Open Jaifroid opened 1 year ago
See https://github.com/openzim/mwoffliner/issues/1731 on why using a newer scrape of this ZIM is not possible for historical / corpus work (in sum, newer scrapes show the current, 2023, content for each article instead of the original content).
The reason it is failing in SW mode is because all of the hyperlinks in this legacy ZIM are given as root-relative absolutes, i.e. in the form /A/Some_page.hml
, or /I/Some_image.jpg
. In jQuery mode, our regular expression for matching ZIM links ignores any forward slash at the start of a ZIM link that it recognizes, and this works across the board. However, in ServiceWorker mode, we are scrupulous in respecting the coding in the ZIM, and so these links are interpreted as-is. This of course puts the resources outside the scope of the Service Worker, and they are not caught and processed by the Service Worker.
We need a safe way to recognize this situation and offer the user a possibility for reading such ZIMs.
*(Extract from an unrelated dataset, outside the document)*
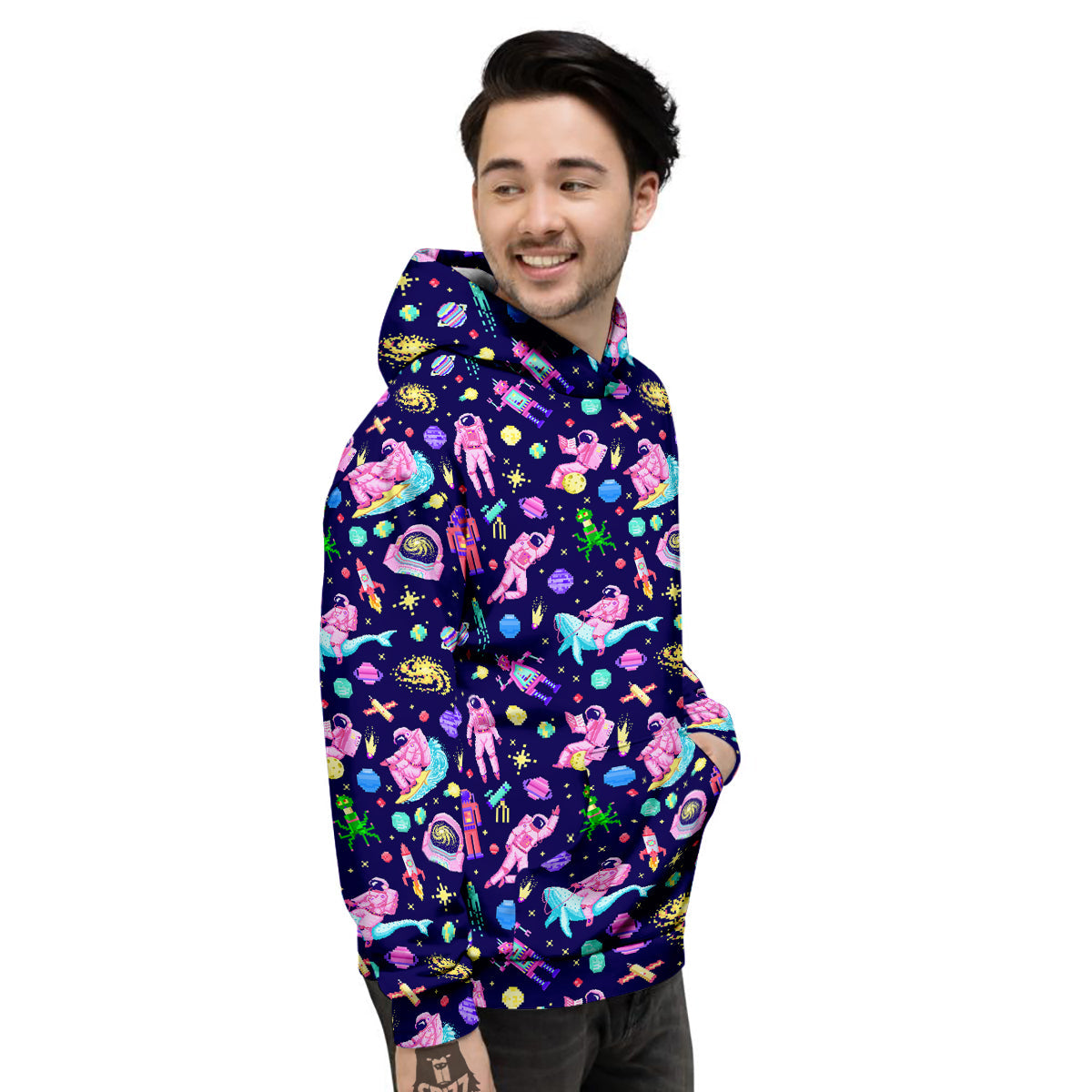 Space Astronaut 8 Bit Print Pattern Men's Hoodie-grizzshop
I can think of two ways:
I assume, as we still have jQuery mode, and this works well with such ZIMs, that 1. would be the most acceptable solution for now. But 2. might be necessary in a pure Service-Worker-mode future.
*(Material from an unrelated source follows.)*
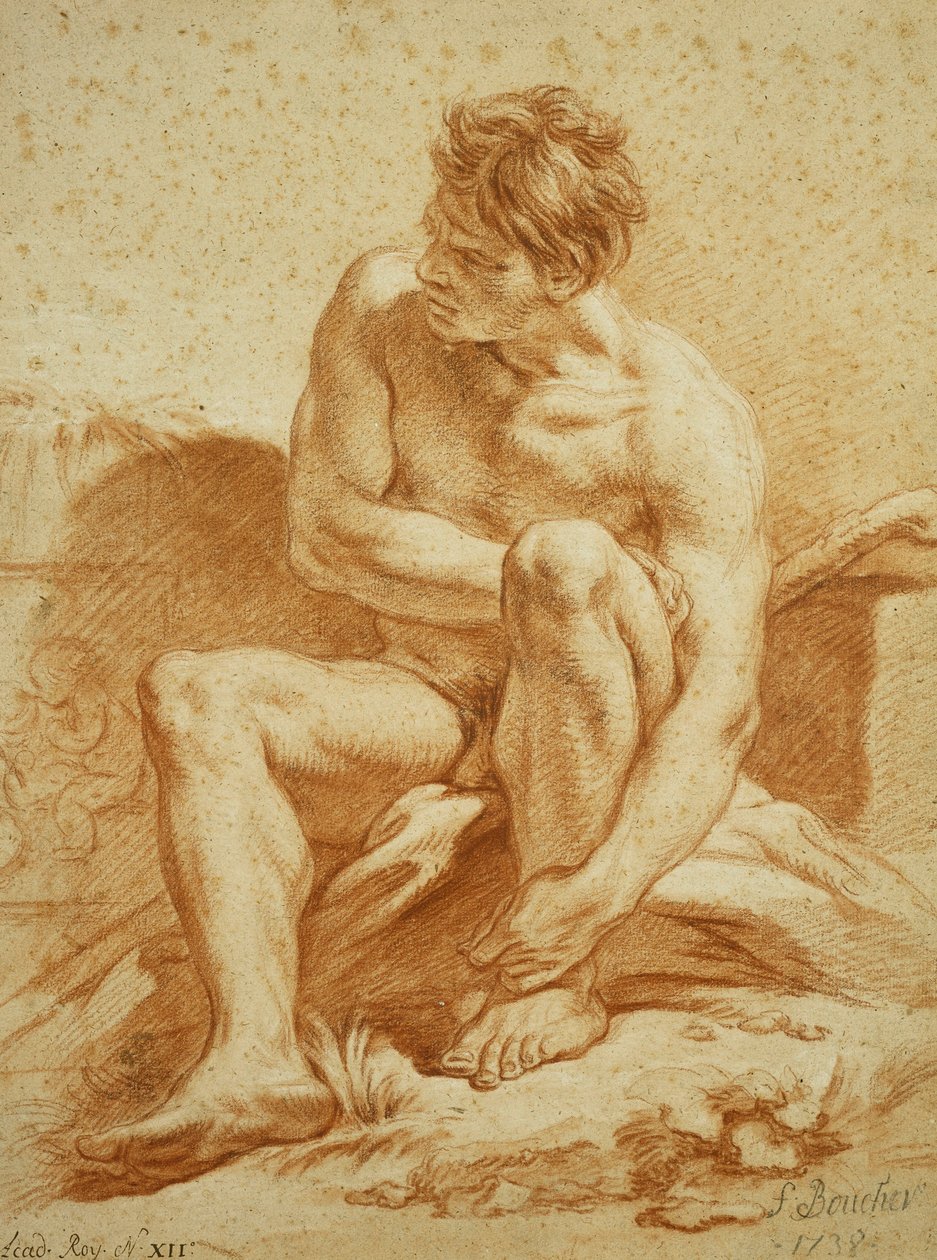 Ein sitzender Akt mit einem Stab, ein Relief mit Putti links von François Boucher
@Jaifroid This file is really old and does not realy respect the ZIM specifications anymore (because the absolute links). It should not be a problem if not supported. Where exactly have you found this ZIM to download? It should not be part of the Kiwix catalogue!
@kelson42 It is linked for historical record purposes (I presume) from https://en.wikipedia.org/wiki/Wikipedia:Version_0.8/downloads. I think a historian would praise your foresight in keeping these early archives, going back to Wikipedia 0.5 from 2007. I would think very carefully before removing access to them (and I hope they're backed up!).
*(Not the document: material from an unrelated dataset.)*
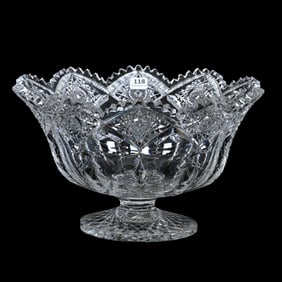 Pedestal Center Bowl, American Brilliant Cut Glass, Signed Sinclaire Stars, Panels And Engraving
Note that the current scrape of Wikiepedia 0.8 is not working as expected (I think), as I reported in https://github.com/openzim/mwoffliner/issues/1731. It is providing 2023 versions of the pages instead of the original content. That makes it all the more important that the original archives are kept (and made available) IMHO.
The ZIM in question is
wikipedia_en_wp1-0.8_orig_2010-12.zim
. While this is a legacy ZIM, it is available from download.kiwix.org (archive directory) as an (historical) corpus, and this ZIM is linked to from the online Wikipedia 0.8 home page, so maintaining the ability to read it would seem important, or, at the very least instructing the user on how to use and display this ZIM correctly in the reader.Currently it only displays properly in jQuery mode on both Firefox and Chromium, and in fact it is only possible to navigate in the ZIM at all (other than by searching for an article) in jQuery mode. Screenshot below shows typical display of a page in SW mode on left (all CSS broken, all images broken), and jQuery mode on the right (all images and CSS display correctly). This is in the Firefox extension. The only "problem" in jQuery mode is that the active content warning is displayed (which should be fixed).
In SW mode, clicking any link in an article shows "404 Not Found".
Kiwix Desktop displays content from this ZIM correctly, and navigation functions fine.